Anakku keturunan Cina (juga)

Keluarga besar mama sesaat sebelum upacara kremasi Mak Co sekitar 1 tahun lalu. Ada yang beragama Islam, Kristen, dan ada juga yang Katolik. (ini belum semua anak dan cucu mama hadir disini lho!)
Didalam darah anakku mengalir darah Cina. Mengapa bisa demikian? Ya, ibu mertuaku ternyata keturunan Cina. Ibu mertuaku ini adalah anak tertua dari 7 bersaudara. Meskipun keturunan Cina, tetapi ibu mertuaku adalah seorang muslim. Bahkan dari 7 bersaudara, ibu mertuaku itu satu-satunya yang menganut agama Islam. Sedangkan yang lainnya berkeyakinan berbeda. Ada yang beragama Kristen dan ada pula yang Katolik. Sementara orang tua dari ibu mertuaku (aku biasa menyebutnya Mak Co) sendiri beragama Kong Hu Cu, agama dari leluhurnya. Demokratis, begitu kata mama waktu itu. Mama, ya begitu aku biasa memanggil ibu mertuaku itu.

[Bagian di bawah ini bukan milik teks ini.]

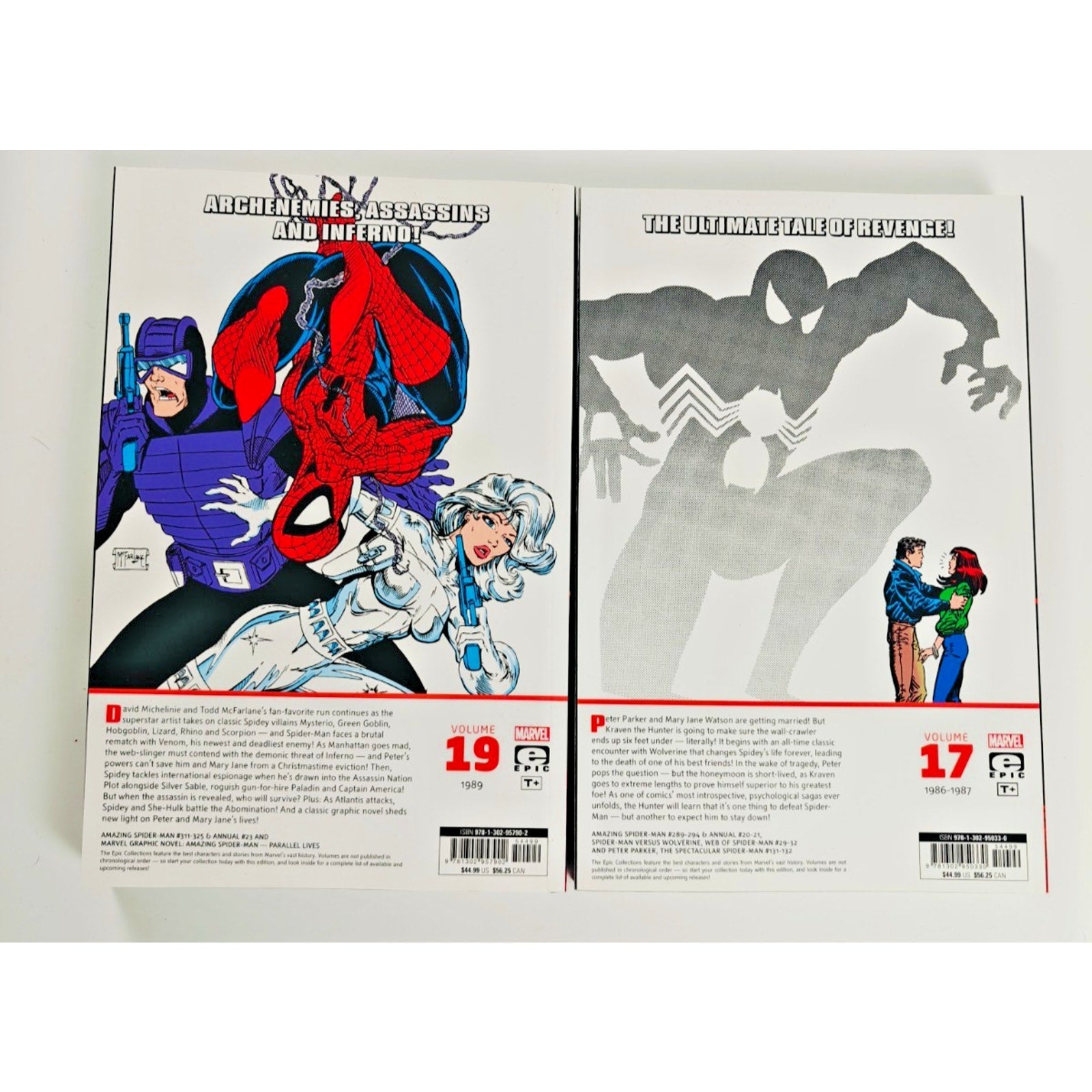 Amazing Spider-Man Epic Collection 17 19 Kravens Last Hunt, Assassin Nation TPB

Entah mulai kapan mama menganut Islam. Waktu kecil rumah mama kebetulan dekat mesjid, begitu mula-mula mamaku bercerita. Mamaku sendiri lahir di Banyuwangi pada tanggal 24 April 1944, dan menghabiskan sebagian masa kecilnya di kota kelahirannya itu. Sebagai orang minoritas, mama justru tidak pernah menutup diri. Mama biasa bergaul dengan anak-anak di sekitar rumahnya. Hampir semua penduduk di sekitar mamaku tinggal beragama Islam. Karena pergaulannya itu pula, lama-lama mamaku pun memeluk Islam. Oleh karena itu sejak kapan tepatnya mamaku beragama Islam, tidak tahu pasti. Yang pasti sejak kecil, begitu mamaku selalu mengatakannya.

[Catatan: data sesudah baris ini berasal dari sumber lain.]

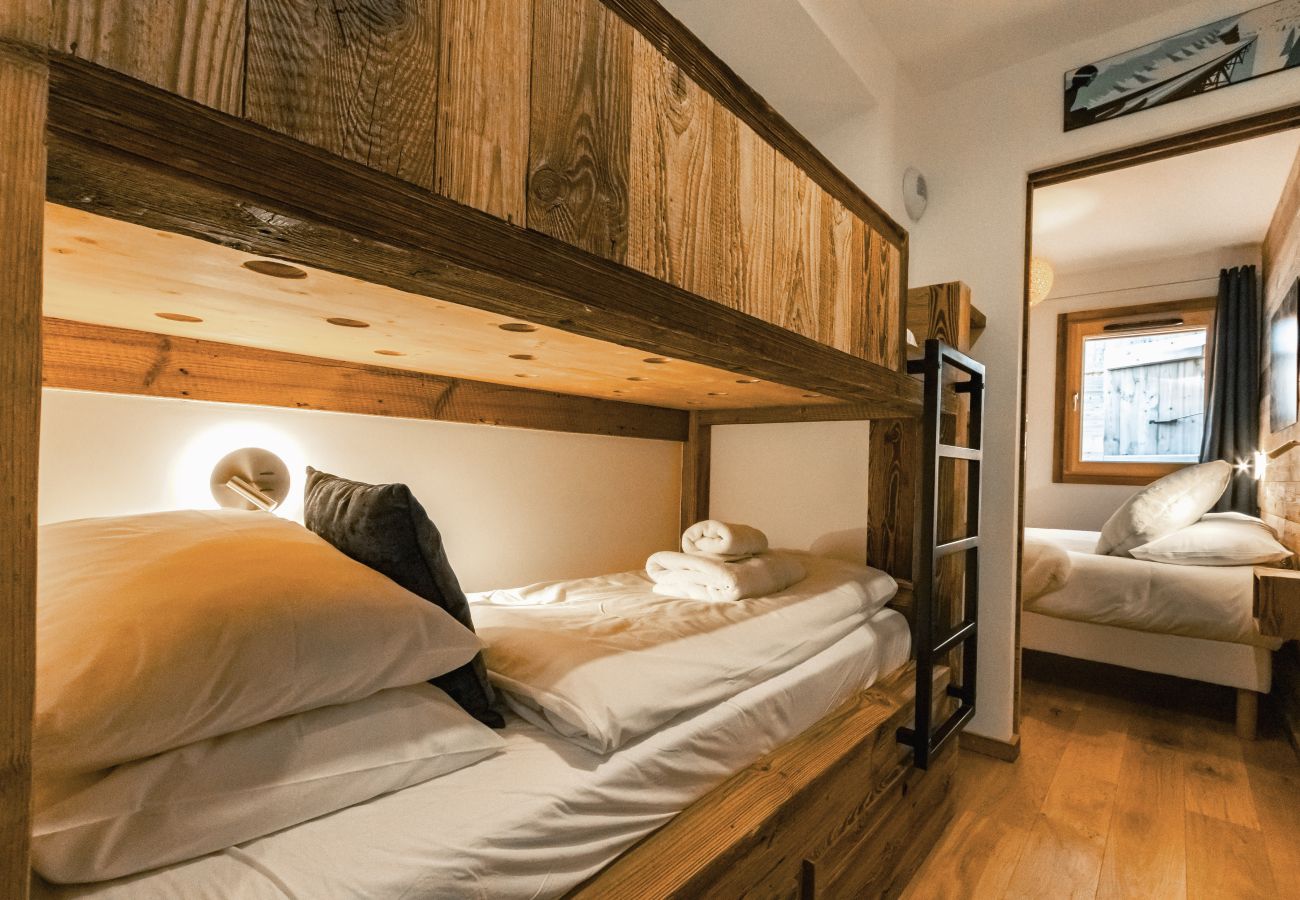 Appartement à Les Gets - au coeur des Gets | 6+2pers | Asteria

Walaupun berkewarganegaraan Indonesia dan mempunyai nama Indonesia, tetapi mama masih mempunyai nama Cina. Nama Indonesia mama adalah Indrarini, sementara nama Cinanya adalah Tio Sin Nio. Cik Sin, begitu biasanya saudara-saudaranya mama memanggil. Tentang nama Indonesia-nya, mama juga tidak ingat kapan tepatnya mama mulai menyandang nama itu. Yang pasti sekitar tahun 1967, begitu katanya. Waktu itu katanya di Indonesia terjadi pergolakan politik yang hebat yaitu perubahan politik dari rezim orde lama ke orde baru. Bersamaan dengan itu pemerintah orde baru melarang semua kegiatan yang berbau Cina. Disamping itu pemerintah Indonesia juga meragukan rasa nasionalisme masyarakat keturunan Cina. Akibatnya pemerintah mengeluarkan kebijakan bahwa masyarakat keturunan Cina pada saat itu untuk mengganti nama Cinanya menjadi nama yang berbau Indonesia. Nah supaya tampak seperti orang pribumi inilah, maka mamaku mengganti nama Cinanya dari Tio Sin Nio menjadi Indrarini. Pokoknya pas ada “pemutihan” kewarganegaraan itulah kira-kira mamaku mulai menyandang nama Indonesianya. Begitu pula dengan ketujuh saudara mama, semua mempunyai nama Indonesia, disamping nama Cina.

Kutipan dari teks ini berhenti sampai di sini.